The annual scholarships awards are presented to New Jersey public or private high school seniors who have been diagnosed with Tourette Syndrome and who will be attending college or trade school in the fall. The scholarship recognizes a student with a proven record of accomplishment and achievement despite the disorder. The award provides encouragement for individuals with TS to further their education or training. Recipients are selected based on academic record, recommendations, and a written essay or audio or video tape demonstrating the individual’s talents.


The award was presented Wednesday, May 16, during TSANJ’s Fifth Annual Recognition Dinner at Rutgers University . The Dinner also honored Senator Richard Codey and Mrs. Mary Jo Codey for their humanitarian interest and support of New Jersey’s Tourette Syndrome community and all persons dealing with mental health issues. At the same dinner, TSANJ also honored its Educator of the Year, Ms. Michele Hawkes, of Brick, NJ.


Students interested in applying for the 2008 scholarship should contact TSANJ at 732-757-7350 or visit the website at www.tsanj.org. Applications are due by March 30, 2008.
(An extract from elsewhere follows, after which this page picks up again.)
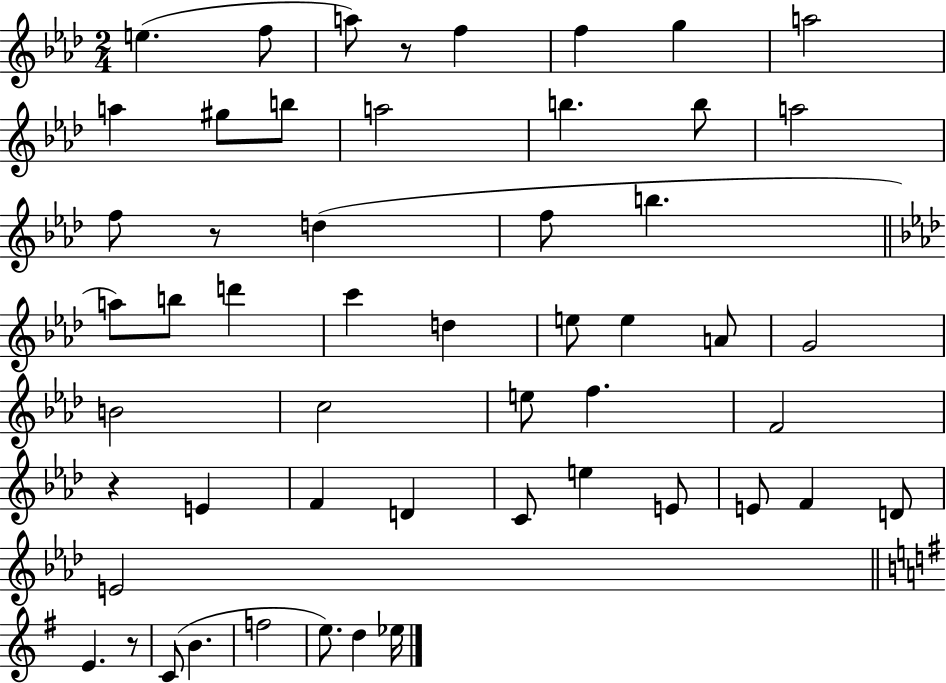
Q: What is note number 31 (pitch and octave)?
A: F5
The 2007 Scholarship has been funded through the generosity of TSANJ supporters. Individuals interested in supporting the scholarship should forward the contribution to Tourette Syndrome Association of New Jersey, Inc., 50 Division Street, Suite 205, Somerville, NJ 08876. Checks should note that the contribution is to be made to the scholarship fund.


Tourette Syndrome (TS) is an inherited neurological disorder that is manifested in involuntary physical and vocal tics. Symptoms generally appear in children at ages 6-7 years, but can manifest anytime before an individual is 18 years old. TS affects people of all ethnic groups with males affected 3 to 4 times more frequently than females. It is estimated that 200,000 Americans have full blown TS and that as many as 1 in 200 show a partial expression of the disorder. Commonly, people with Tourette syndrome also have co-occurring disorders, such as Obsessive Compulsive Disorder, Learning Disabilities, Attention Deficit Disorder, Attention Deficit Hyperactivity Disorder and Depression.


There is no cure for TS.


Tics can range from severe verbal and physical contortions to milder tics that are barely recognizable. Sadly, Tourette’s is sometimes represented by Hollywood as sudden outbursts of profanity, but in truth, that characteristic actually afflicts only about 5 percent of those identified as having the disorder. Perhaps because of this, TS sufferers are highly stigmatized, with those afflicted being shunned, misunderstood and left feeling ashamed. A horrible tragedy – since TS typically strikes individuals at the tender age of seven.


The mission of TSANJ is to support the needs of families affected by TS, to advocate for individuals with TS, and to educate the public and professionals on TS. Through TSANJ and NJCTS, New Jersey families can receive: school and peer in-service, intervention, family support programs, family education and advocacy, helpline, medical diagnosis and treatment referrals, psychological services, education and training for doctors, nurses, medical sciences students and educators.


New research programs, such as a stigma and biofeedback program and the TS Cell and DNA Sharing program are also part of NJCTS’ offering.


TSANJ relies completely on membership, corporations, government, and foundations to fund its work.